Les mesures visent à favoriser l’interaction avec les communautés locales et à sensibiliser aux règles et normes quotidiennes. Cette décision intervient dans un contexte d'afflux de travailleurs étrangers au Japon, alors que ce pays vieillissant rapidement est aux prises avec une pénurie de main-d'œuvre.
Dans une enquête menée auprès des 47 préfectures du Japon entre février et début mars, huit, dont Fukui et Okayama, ont déclaré qu'elles avaient à la fois introduit de nouveaux programmes et élargi ceux existants pour la coexistence multiculturelle. Seize ont déclaré avoir établi de nouveaux programmes, tandis que 11 ont indiqué qu'ils élargissaient ceux qui existaient déjà.

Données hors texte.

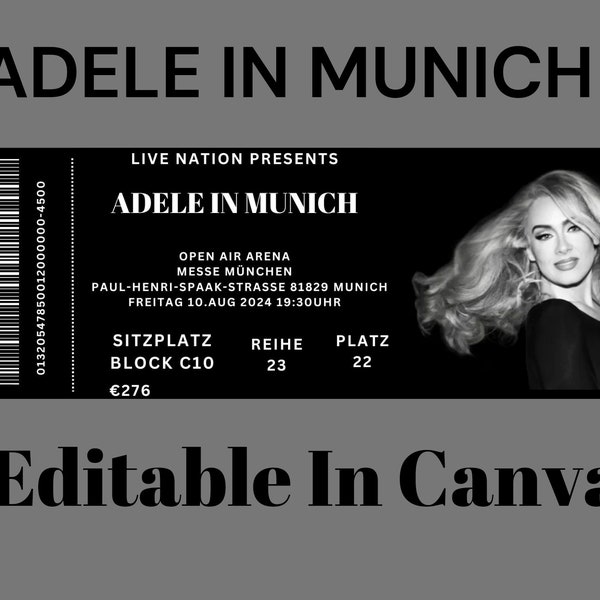 Adele Munich  Printable And Editable Concert Tickets,Adele Merch,Adele Munich Concert Ticket,Consert Tickets,Adele in Munich,Adele Merch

Selon les observateurs, le manque de compréhension des règles communautaires et des normes sociales japonaises est considéré comme une source de frictions sous-jacentes entre les résidents locaux et étrangers.
Ibaraki, près de Tokyo, qui se classe au 10e rang des préfectures du Japon en termes de nombre de travailleurs étrangers, s'efforce de s'attaquer aux causes profondes des malentendus en demandant au personnel de sensibilisation de visiter les zones où les résidents étrangers se rassemblent, comme les mosquées et les épiceries vendant des ingrédients étrangers, pour rechercher une coopération sur le tri des déchets et les problèmes de bruit.
Les préfectures de Kochi et de Kagoshima créent des guides multilingues sur les règles de vie, tandis que d'autres régions soutiennent des programmes d'échange culturel.
La politique à l'égard des résidents étrangers est apparue comme un problème majeur lors des élections à la Chambre des conseillers de l'année dernière et à la Chambre des représentants en février, avec une recrudescence des commentaires désobligeants les ciblant, visibles en ligne.
Masami Wakayama, professeur à l'Université Hokuriku Gakuin qui connaît bien les politiques multiculturelles des gouvernements locaux, a souligné l'importance d'augmenter les opportunités d'échange, notant qu'une interaction limitée tend à renforcer les « attitudes d'exclusion ».
Mais il a ajouté qu'il est tout aussi important de ne pas exiger « une assimilation excessive » tout en veillant au respect des règles de base, affirmant que « le principe de la coexistence multiculturelle consiste à reconnaître et à respecter les cultures et les différences de chacun ».
Selon les données gouvernementales, le nombre de ressortissants étrangers résidant au Japon a atteint un record de 4,13 millions en 2025, dépassant les 4 millions pour la première fois, aidé par une augmentation du nombre de résidents permanents et de travailleurs étrangers.